Exercise details: Print every line of the listing below, starting with the line that holds "5 X 12SJ7GT" and going on through the line that holds "Saint Laurent Monogram", both included, and print nothing else.

Data extracts:
##############################
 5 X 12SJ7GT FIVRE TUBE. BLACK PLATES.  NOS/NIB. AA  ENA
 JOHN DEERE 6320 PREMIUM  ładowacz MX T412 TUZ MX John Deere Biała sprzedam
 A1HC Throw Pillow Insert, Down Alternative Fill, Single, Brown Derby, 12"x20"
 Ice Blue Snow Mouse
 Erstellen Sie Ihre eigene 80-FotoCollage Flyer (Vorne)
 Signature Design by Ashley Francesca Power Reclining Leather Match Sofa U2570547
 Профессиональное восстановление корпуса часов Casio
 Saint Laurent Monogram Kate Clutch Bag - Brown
##############################
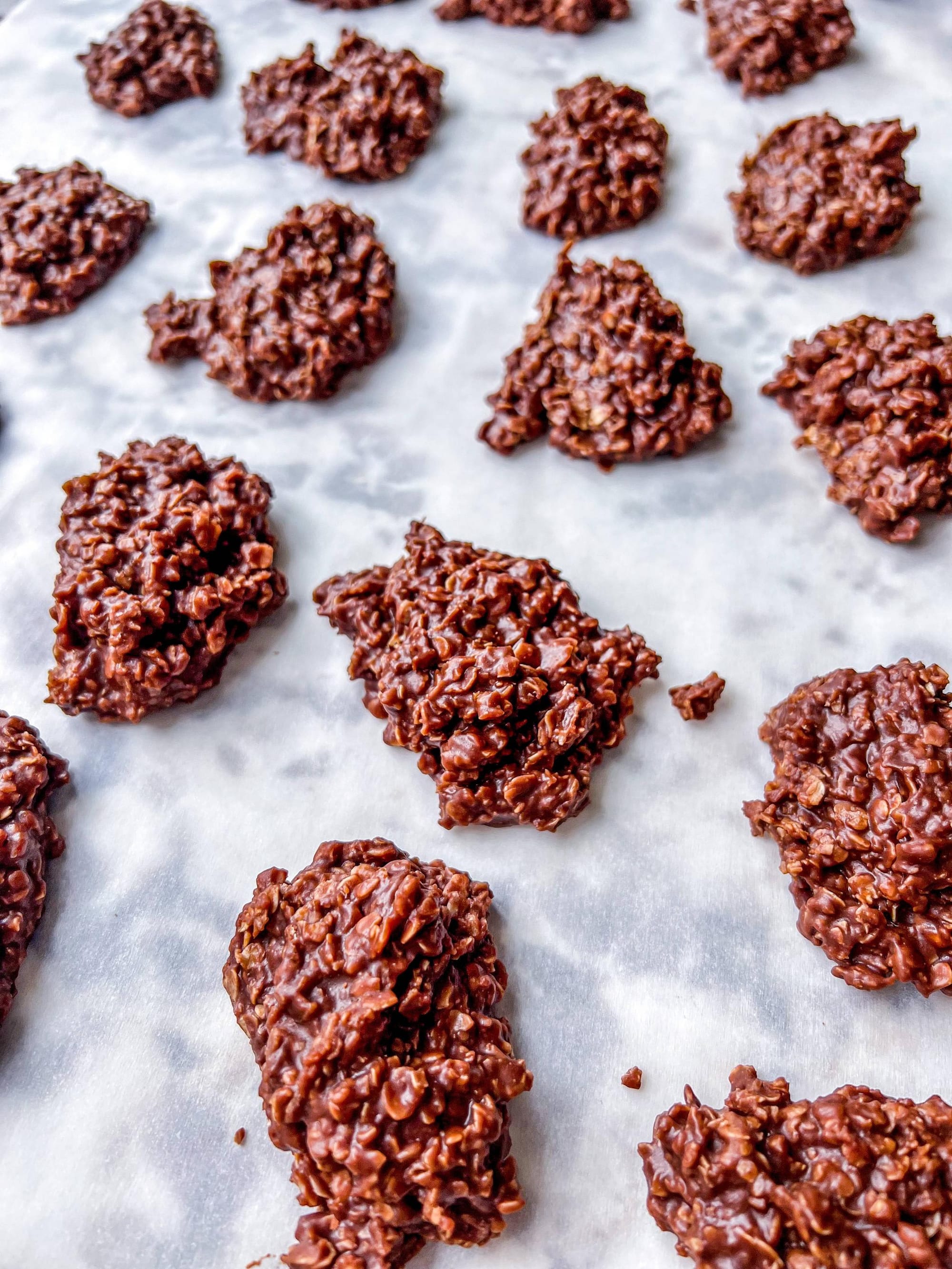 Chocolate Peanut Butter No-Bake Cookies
##############################
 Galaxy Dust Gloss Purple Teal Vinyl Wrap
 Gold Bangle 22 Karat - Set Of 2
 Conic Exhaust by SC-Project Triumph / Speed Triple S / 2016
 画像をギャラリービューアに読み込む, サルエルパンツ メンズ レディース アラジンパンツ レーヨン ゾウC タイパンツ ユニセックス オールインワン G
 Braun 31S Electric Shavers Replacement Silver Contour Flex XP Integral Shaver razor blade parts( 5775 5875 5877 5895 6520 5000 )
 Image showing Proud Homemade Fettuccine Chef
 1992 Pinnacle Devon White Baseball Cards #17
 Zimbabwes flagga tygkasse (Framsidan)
##############################
Your response:
 5 X 12SJ7GT FIVRE TUBE. BLACK PLATES.  NOS/NIB. AA  ENA
 JOHN DEERE 6320 PREMIUM  ładowacz MX T412 TUZ MX John Deere Biała sprzedam
 A1HC Throw Pillow Insert, Down Alternative Fill, Single, Brown Derby, 12"x20"
 Ice Blue Snow Mouse
 Erstellen Sie Ihre eigene 80-FotoCollage Flyer (Vorne)
 Signature Design by Ashley Francesca Power Reclining Leather Match Sofa U2570547
 Профессиональное восстановление корпуса часов Casio
 Saint Laurent Monogram Kate Clutch Bag - Brown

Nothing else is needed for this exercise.